Dire de votre film qu’il est machiste, c’est tout de même occulter toutes les interrogations liées à la féminité. Le personnage de Fatimata, par exemple, arbore à un moment une perruque blonde et un maquillage outrancier. Quel est la portée symbolique de cet acte ?
Je pense avoir fait un film identitaire. Fatimata fait partie de ces filles qui, pour exister, doivent renier leur personnalité et les jeunes femmes qu’elles sont en train de devenir. L’adolescence est un passage forcément délicat. Là, elle tente quelque chose pour que Jo, le garçon dont elle est amoureuse, la remarque. Elle va jusqu’au bout de sa démarche, elle met une perruque blonde pour être comme Julie, sa rivale, ce qui est forcément maladroit.
Dans votre film, les jeunes femmes n’ont pas le droit de mettre des vêtements mettant en valeur leurs formes par crainte de passer pour des filles faciles. Et lorsque, dans une scène, apparaissent des femmes voilées, elles imposent un certain respect à la fois chez les filles et chez les garçons. Est-ce le moyen de traduire un certain tabou autour de la religion ou d’interroger une nouvelle fois la relation au corps pour ces jeunes femmes ?
C’est le seul moment où le film a une portée plus sociale. C’est un moyen de montrer la perdition des jeunes en banlieue. La religion est comme une réponse pour qui souffre de ne pas être en harmonie avec son image. Je n’en parle pas dans le film car ce n’est pas le propos, mais il y a aussi beaucoup de femmes qui plongent dans la religion pour être respectées. Elles ne sont alors plus regardées comme une femme ou comme une sœur mais comme une vertueuse qui prie. La femme fait peur à l’homme car elle est susceptible d’éveiller des désirs en lui qui pourraient l’éloigner de son engagement religieux. C’est aussi pour cela qu’on les couvre de la tête au pied dans certains pays.

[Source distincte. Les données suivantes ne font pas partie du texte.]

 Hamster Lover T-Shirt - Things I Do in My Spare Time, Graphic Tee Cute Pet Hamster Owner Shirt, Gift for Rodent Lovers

Regarde-moi est aussi un vrai film d’action. Il y a un véritable suspense autour de cette rivalité féminine qui rappelle l’influence d’un certain cinéma américain. Était-ce une volonté de votre part de mettre en parallèle ces codes qui fascine les jeunes et leur quotidien ?

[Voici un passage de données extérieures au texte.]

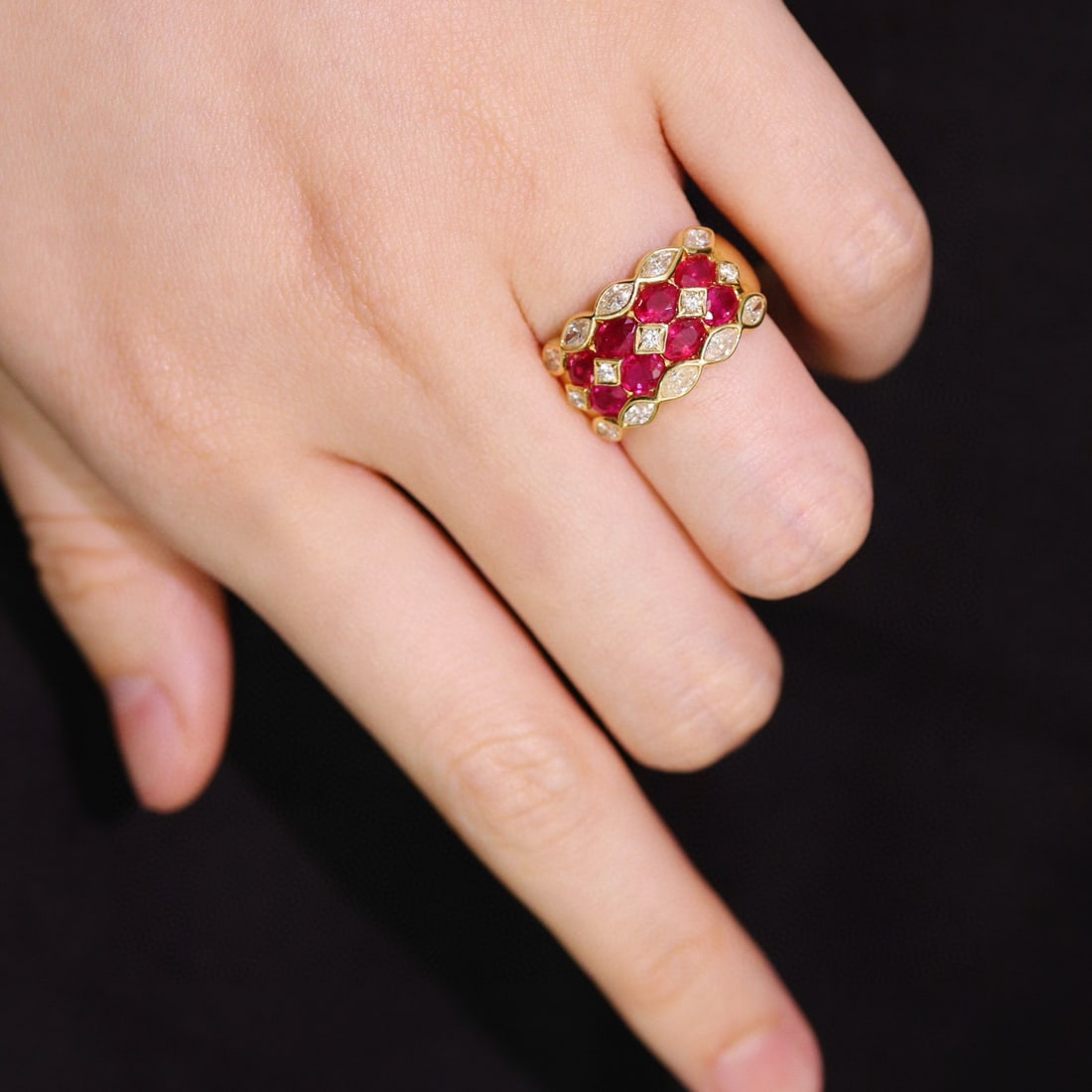 14k Gold 3.38 Ctw Natural Ruby & Diamond Ring - 7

Je crois que c’est totalement inconscient. Je n’ai fait aucune école de cinéma, j’ai simplement vu beaucoup de films pour me nourrir. Comme ce projet m’a pris quatre ans, j’ai voulu me faire plaisir. Pour le travail sur la lumière, je me suis inspirée de nombreux films asiatiques et pour le cadre, je me suis effectivement nourrie de ma passion pour le cinéma américain. Concernant la scène où le personnage de Mouss répète sa scène de drague devant la glace, je n’ai par exemple pas du tout pensé à Taxi Driver mais plutôt à Long Way Home de Peter Sollett.

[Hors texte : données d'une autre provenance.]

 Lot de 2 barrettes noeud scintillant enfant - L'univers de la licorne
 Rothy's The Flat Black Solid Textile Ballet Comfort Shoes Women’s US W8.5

Les acteurs sont pleinement investis dans leur rôle. Comment s’est passée la rencontre ? À quel degré ont-ils participé à l’écriture du scénario ?
Pour la plupart, je les ai rencontrés il y a deux ans, une fois mon scénario écrit. J’ai autoproduit un pilote – une scène du film, en fait – pour expliquer l’univers visuel qui m’attirait et parce que je voulais vraiment travailler avec ces comédiens-là. Pour la plupart, le contact s’est établi après que j’aie posé une annonce sur Internet. J’ai rencontré environ 200 jeunes puis j’en ai gardé une vingtaine avec qui j’ai tourné le pilote. J’ai ensuite présenté le scénario et le pilote à des sociétés de production. Quand j’ai signé chez 7ème Apache, je leur ai imposé un planning pour le tournage et les comédiens avec lesquels je souhaitais tourner le film. Une fois ces conditions acceptées, j’ai demandé aux différents comédiens d’improviser autour du scénario et des relations existant entre les personnages.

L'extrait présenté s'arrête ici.